>>>
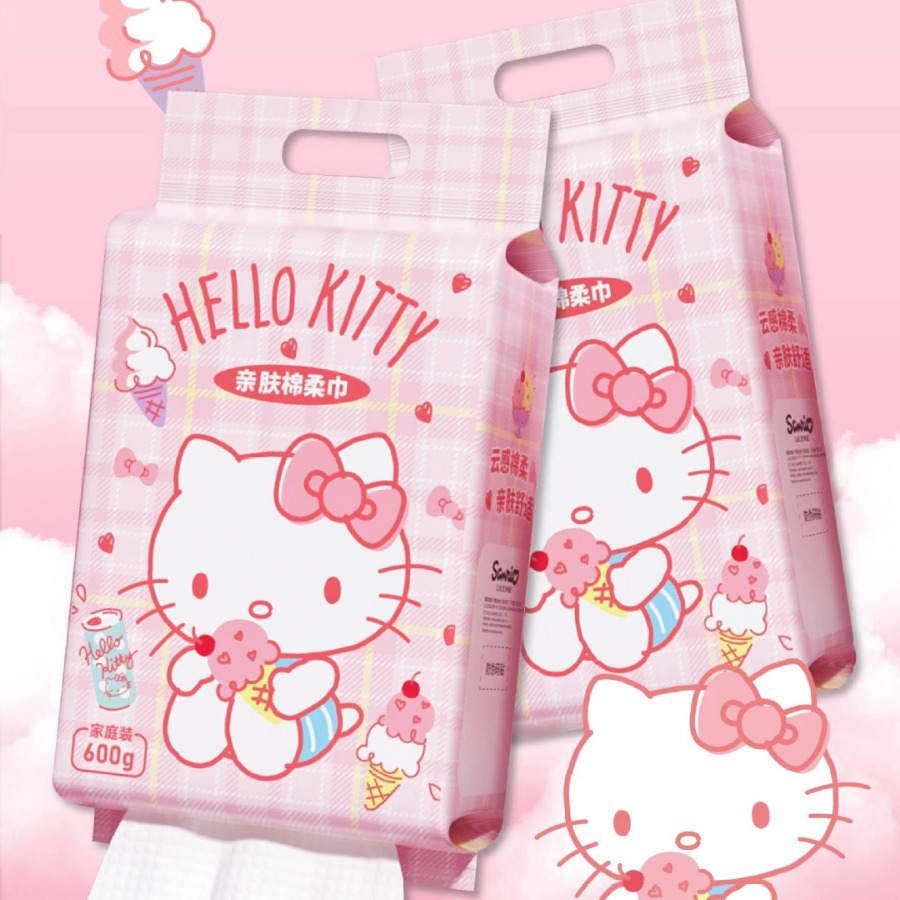 三丽鸥KT猫家用版悬挂抽取式600克珍珠纹棉柔干湿两用洗脸巾纯棉产品图
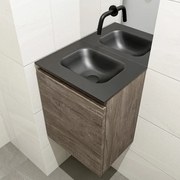 Mondiaz Olan 40cm toiletmeubel dark brown met wastafel urban midden geen kraangat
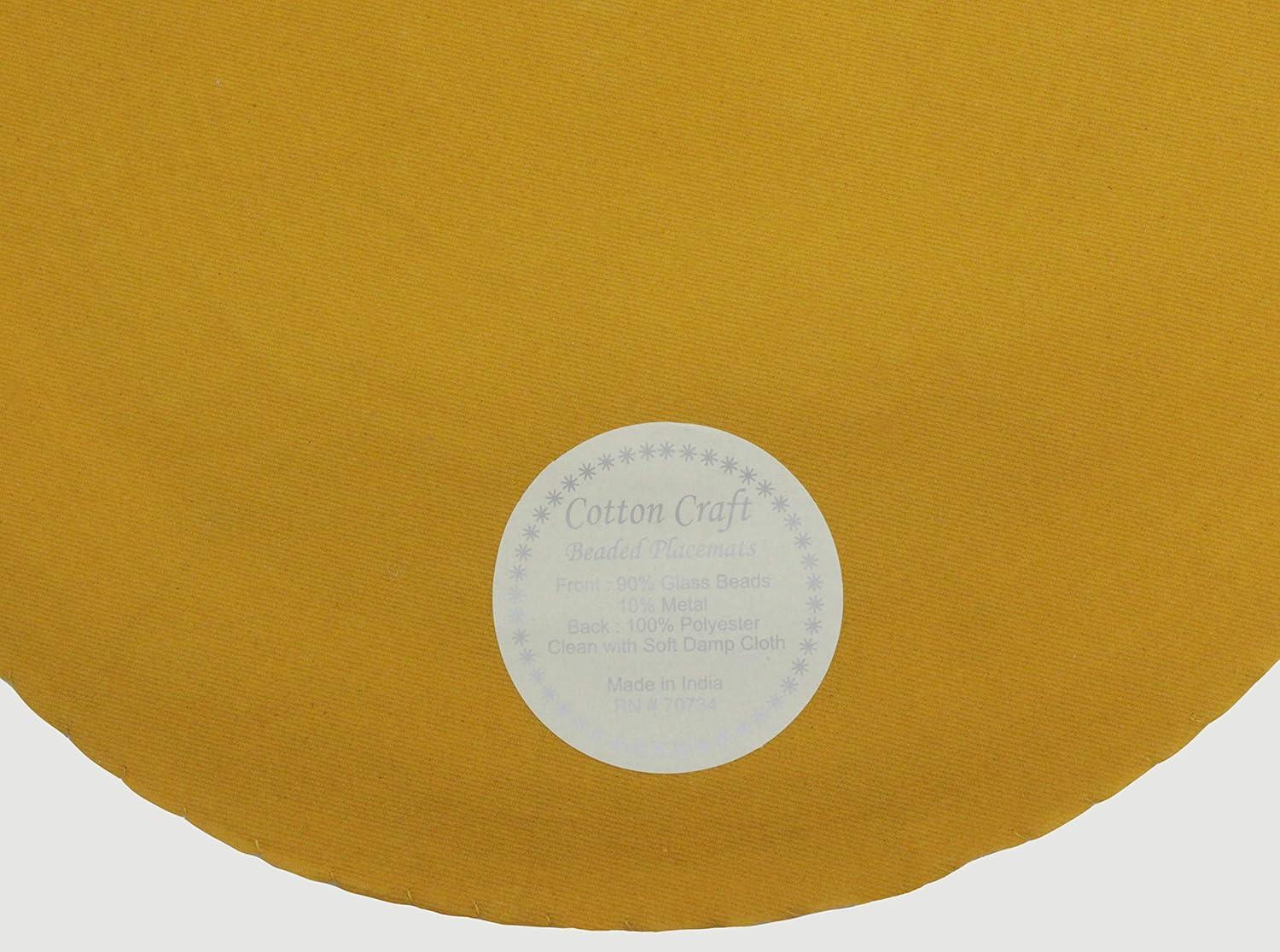 imageCOTTON CRAFT Glitz Beaded Charger Placemat  Red Jingle Bells  Set of 4 Handmade Table Mats  Christmas Xmas Dining Harvest Fall Holiday Celebration Festive Party Table Dcor  135 inches RoundGold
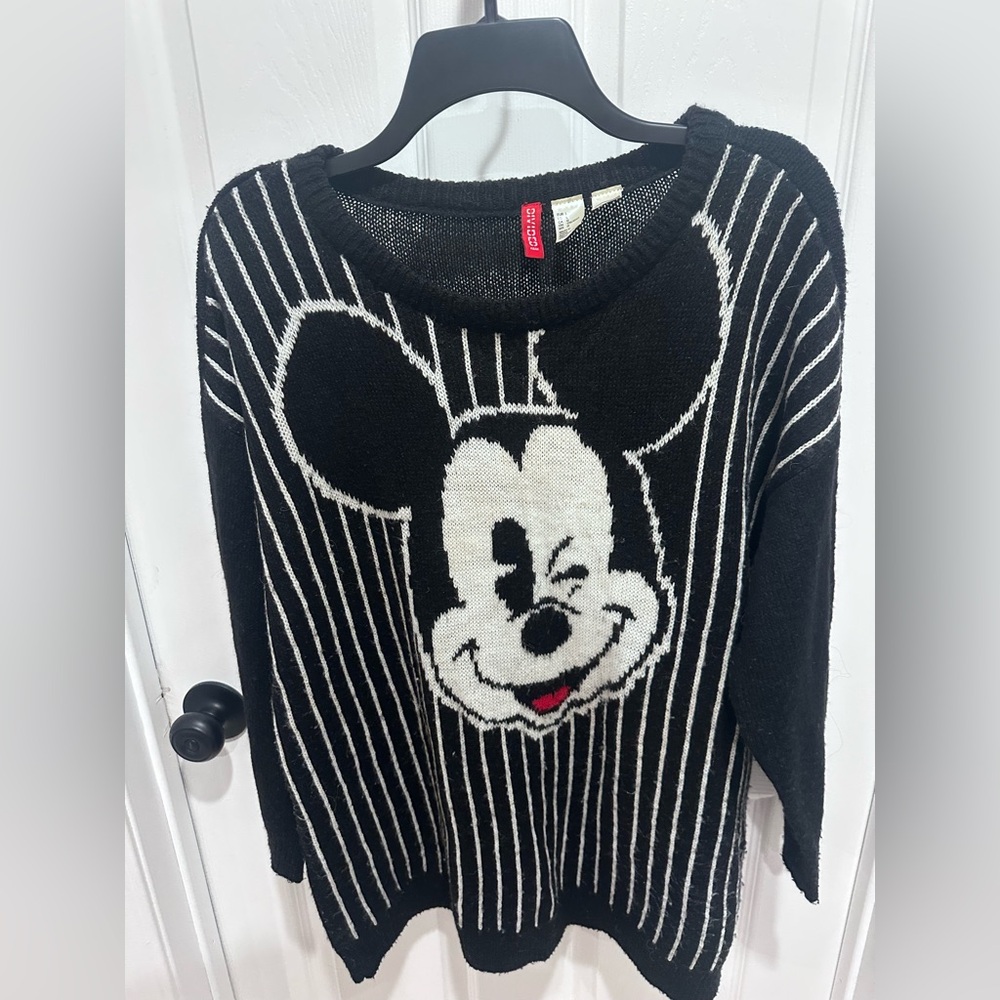 H&M Black and White Mickey Mouse Sweater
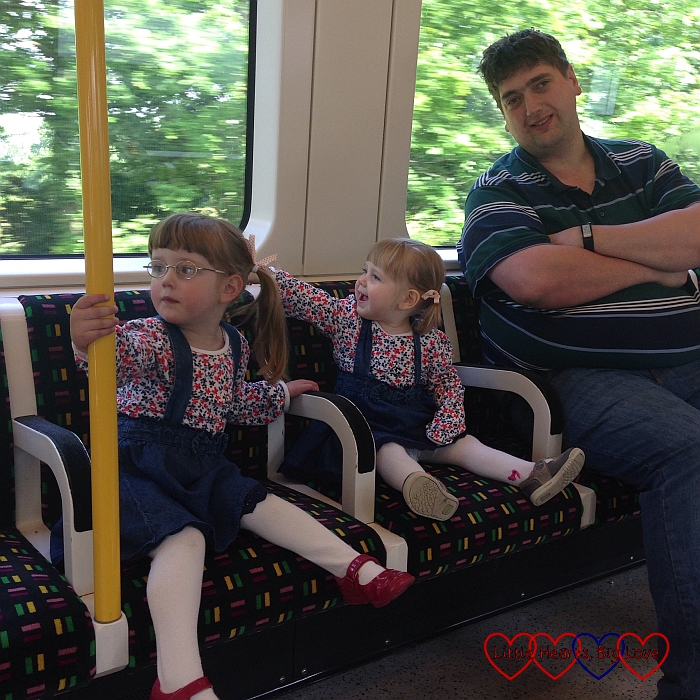 Two excited girls on the train at the start of our sheep hunt: The Friday Focus 29/05/15 - Little Hearts, Big Love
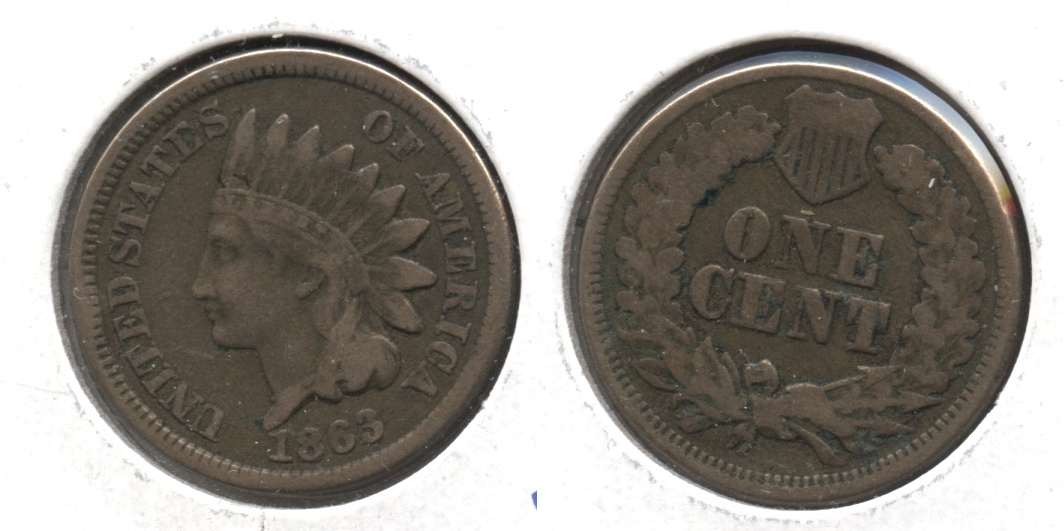 1863 Indian Head Cent Fine-12 #n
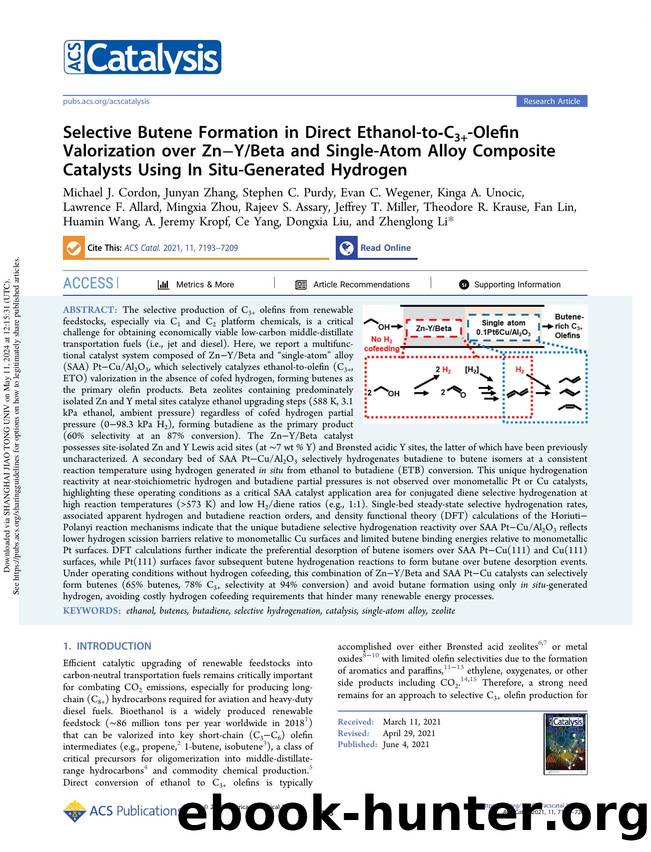 Selective Butene Formation in Direct Ethanol-to-C3+-Olefin Valorization over ZnâYBeta and Single-Atom Alloy Composite Catalysts Using In Situ-Generated Hydrogen by unknow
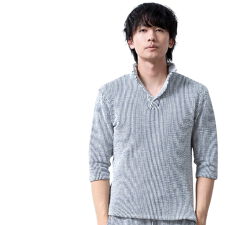 ポロシャツ メンズ 半袖 シアサッカー 七分袖 ポロ シャツ ストレッチ 半袖シャツ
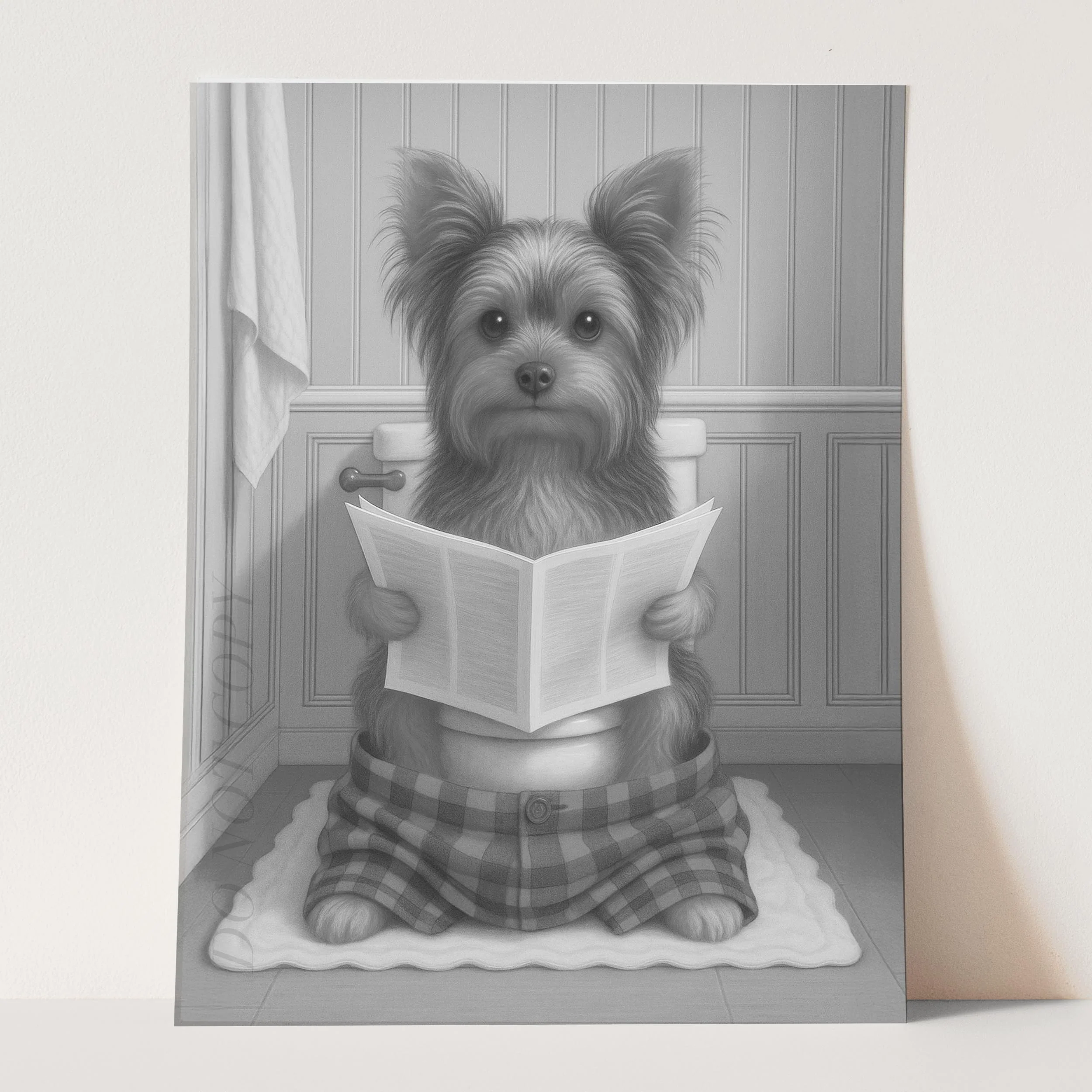 Yorkshire Terrier Dog Reading The Newspaper On The Toilet - Image 3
<<<
What is needed — Copy the lines above exactly. Do not include pictures.

Answer to this exercise —
 三丽鸥KT猫家用版悬挂抽取式600克珍珠纹棉柔干湿两用洗脸巾纯棉产品图
 Mondiaz Olan 40cm toiletmeubel dark brown met wastafel urban midden geen kraangat
 imageCOTTON CRAFT Glitz Beaded Charger Placemat  Red Jingle Bells  Set of 4 Handmade Table Mats  Christmas Xmas Dining Harvest Fall Holiday Celebration Festive Party Table Dcor  135 inches RoundGold
 H&M Black and White Mickey Mouse Sweater
 Two excited girls on the train at the start of our sheep hunt: The Friday Focus 29/05/15 - Little Hearts, Big Love
 1863 Indian Head Cent Fine-12 #n
 Selective Butene Formation in Direct Ethanol-to-C3+-Olefin Valorization over ZnâYBeta and Single-Atom Alloy Composite Catalysts Using In Situ-Generated Hydrogen by unknow
 ポロシャツ メンズ 半袖 シアサッカー 七分袖 ポロ シャツ ストレッチ 半袖シャツ
 Yorkshire Terrier Dog Reading The Newspaper On The Toilet - Image 3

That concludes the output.